Alice Mar-Abe is a concentrator in American Politics and is pursuing a certificate in African American Studies. She is a native of Seattle, Washington. Alice has been active in politics and public service since high school, interning with the Seattle City Council and spending a summer as assistant to the Washington State Director of Obama for America, and subsequently as a Field Organizer for Organizing for America (OFA). Since coming to Princeton, Alice has engaged with issues related to mass incarceration and criminal justice. She serves as co-president of Students for Prison Education and Reform (SPEAR), guiding its advocacy and research efforts and leading meetings. Alice spent last summer in Newark working at the New Jersey Institute for Social Justice (NJISJ) as a Guggenheim Fellow, and last fall she co-led a student Breakout trip to New York City on the topic of “Gender and Health: Navigating the Healthcare System as Transgender” through the Pace Center for Civic Engagement. Her extracurricular activities on campus have included membership on the rugby team and in the Princeton University Jazz Ensemble as its pianist.  She periodically plays with the University’s Jazz Vocal Collective. Alice is seeking to use her Liman Fellowship to gain critical experience in social justice and civil rights law.
 
 
 
 
 
Jessica Quinter is a concentrator in the Woodrow Wilson School of Public and International Affairs, with a focus in Race, Ethnicity, and Discrimination, and is pursuing a certificate in Values and Public Life.  On campus, Jessica is Founder and President of Princeton Students for Reproductive Justice, a new student organization dedicated to reproductive and sexual health education, sex positivity, and pro-choice politics.
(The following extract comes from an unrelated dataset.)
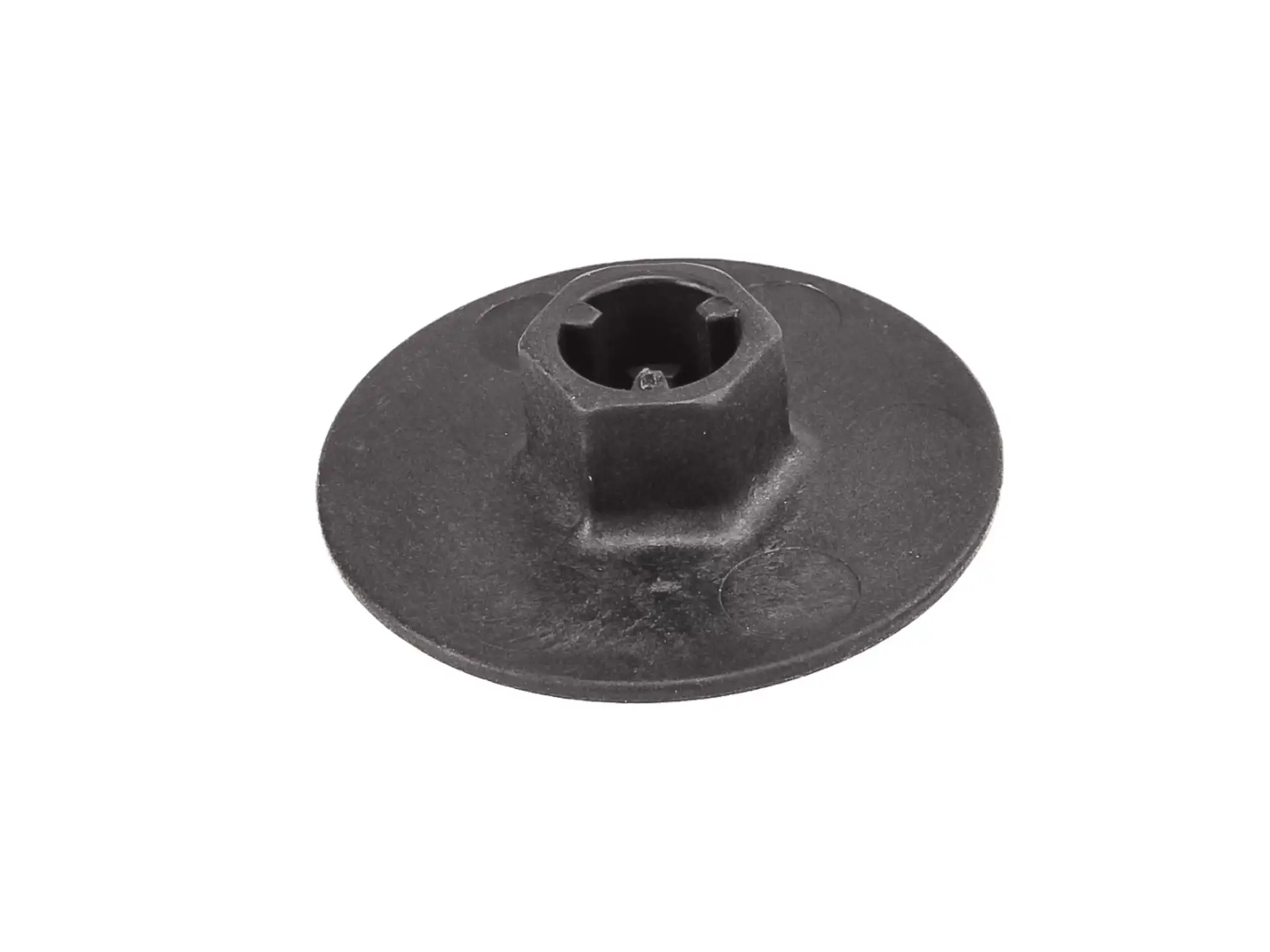 BMW Clipmutter 5x9 D=30 SW10 E81 E82 E84 E87 E88 E89 E90 E91 E92 E93 F01 F02 F04 F06 F07 F10 F11 F12 F13 F20 F21 F22 F23 F30 F31 F32 F33 F34 F36 F39 F44 F45 F46 F48 F80 F82 F83 F87 F87N G20 G21 G28 I12 I15 F54 F55 F56 F56E F57 F60 07147261260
Under her leadership the organization has sought to reform University Health Service policies as well as to partner with other groups to advocate and educate safe sex practices.    Jessica also serves as Executive Director of Fuzzy Dice Improv Comedy; works as a Research Assistant in the Politics Department; and serves as a Research Assistant at the Princeton Baby Lab.  In the past, Jessica interned in the Government Affairs Department at the Human Rights Campaign and on the Women’s Initiative Team at the Center for American Progress.  She plans to use her Liman Fellowship to intern on the policy team of the British Pregnancy Advisory Service.